2.
Гораздо более сложная проблема связана с главной героиней – Эстер. Бальзак дает ей прозвище la Torpille, которое в русском переводе так и передано транскрипцией – Торпиль. Между тем имя это значимое; la torpille – это электрический скат, рыба, которая использует заряд, чтобы оглушить добычу или врага. Впрочем, в бальзаковское время у этого слова имелось и второе значение – «подводная контактная мина»; дело в том, что французские названия и ската, и мины происходят от одного и того же латинского слова torpedo (и от него же произошло современное название самодвижущегося боевого снаряда, который был изобретен уже после смерти Бальзака, во второй половине XIX века). Называть женщину «электрическим скатом» нелепо хотя бы потому, что это два слова вместо короткого одного, да вдобавок мужского рода. Но Торпиль ничего не говорит ни русскому глазу, ни русскому слуху. Это, кстати, ощутила другая переводчица Бальзака, Н. И. Немчинова. Поскольку Эстер Гобсек приходилась знаменитому ростовщику дальней родственницей, она упоминается в финале повести «Гобсек»:У Прекрасной Голландки [внучатая племянница Гобсека] осталась дочь. Я как-то раз встретил ее вечером на улице Вивьен. Хорошенькая, как купидон. У нее прозвище – Огонек
[Бальзак 1951–1955: 3, 311].В оригинале, естественно, стоит все та же la Torpille
, но написать «у нее прозвище – Торпиль» у Немчиновой, очевидно, рука не поднялась. Сопоставить же переводы, напечатанные в разных томах, редакторам в голову не пришло. Так на полвека и остались у бедняжки Эстер внутри русской «Человеческой комедии» два прозвища вместо одного, и в многочисленных перепечатках «Гобсека» она предстает Огоньком, а в не менее (если не более) многочисленных переизданиях «Блеска и нищеты куртизанок» фигурирует как Торпиль. Мое предложение звучит довольно дерзко, но мне представляется, что по-русски Эстер следовало бы именовать Торпедой; в этом случае всякий русский читатель ощутил бы и смысл этого прозвища, и его грубость.3.
Если в предыдущих случаях мотивы, заставившие переводчицу выбрать тот, а не иной вариант перевода, более или менее очевидны, то нижеследующий случай выглядит почти необъяснимым.
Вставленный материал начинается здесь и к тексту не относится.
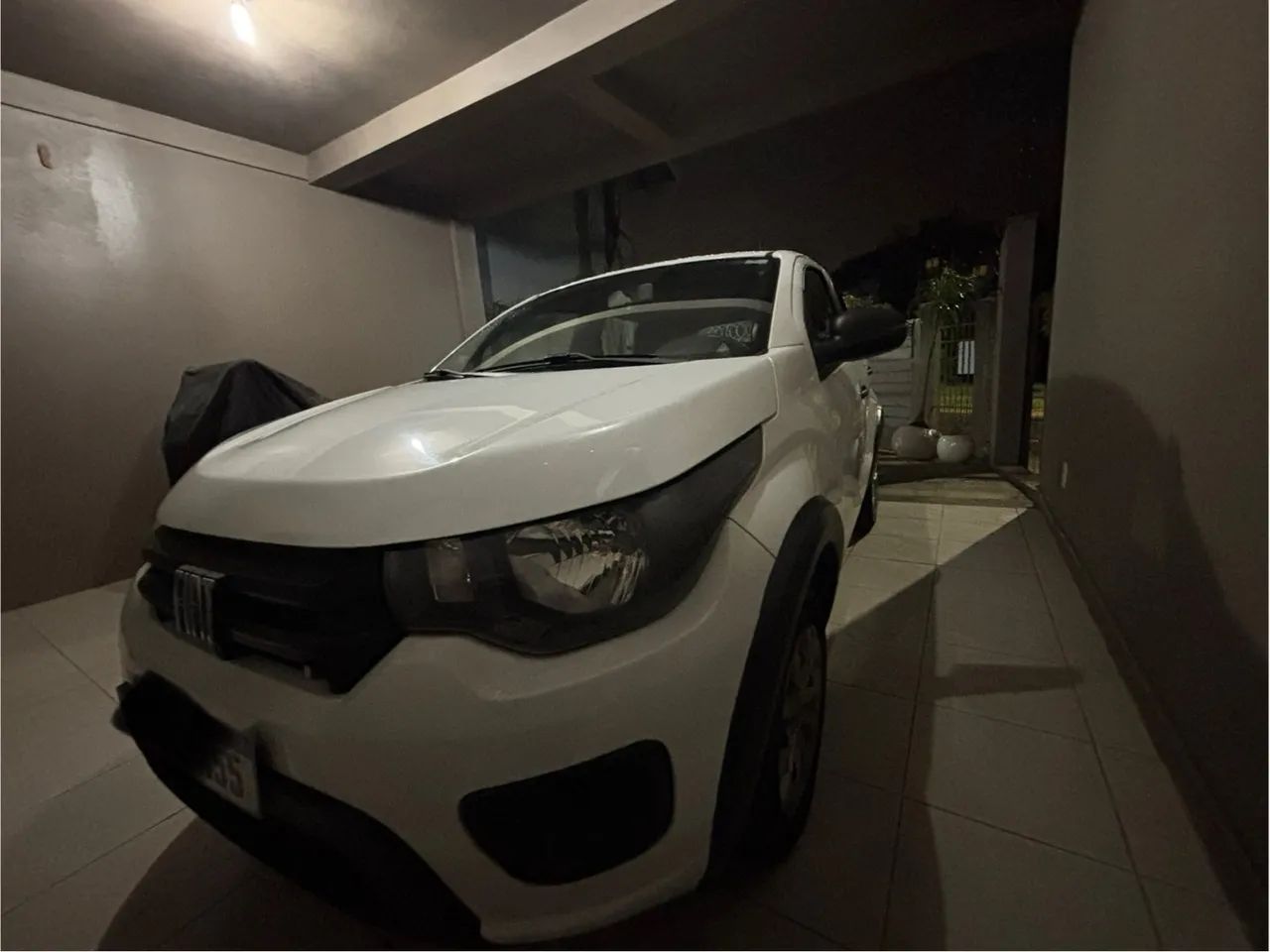 Fiat Mobi like 2022 79000km original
Среди преступников, заключенных в тюрьме Консьержери, был некто Ригансон. В русском переводе мы читаем про него следующее:Другой каторжник по имени Ригансон составлял со своей сожительницей по кличке Паук
одно из опаснейших семейств Высокой хевры. Ригансон, с самого юного возраста находившийся в щекотливых отношениях с правосудием, был известен под кличкой Паучиха. Паучиха был самцом Паука, ибо нет ничего святого для Высокой хевры. Эти дикари не признают ни закона, ни религии, ни даже естественной истории, над священными установлениями которой, как это видно, они издеваются [Бальзак 1951–1955: 9, 415].Конечно, каторжникам закон не писан, и теоретически можно представить, что у них муж именуется Паучихой, а жена – Пауком, но все-таки от фразы «Паучиха был самцом Паука» голова идет кругом. Между тем в оригинале гендерные взаимоотношения имеют вид гораздо более традиционный:
L’autre forçat, nommé Riganson, formait avec sa concubine, appelée La Biffe, un des plus redoutables ménages de la haute pègre. Riganson, en délicatesse avec la justice dès l’âge le plus tendre, avait pour surnom Le Biffon
. Le Biffon était le mâle de La Biffe, car il n’y a rien de sacré pour la haute pègre. Ces sauvages ne respectent ni la loi, ni la religion, rien, pas même l’histoire naturelle, dont la sainte nomenclature est, comme on le voit, parodiée par eux [Balzac 1976–1981: 6, 828].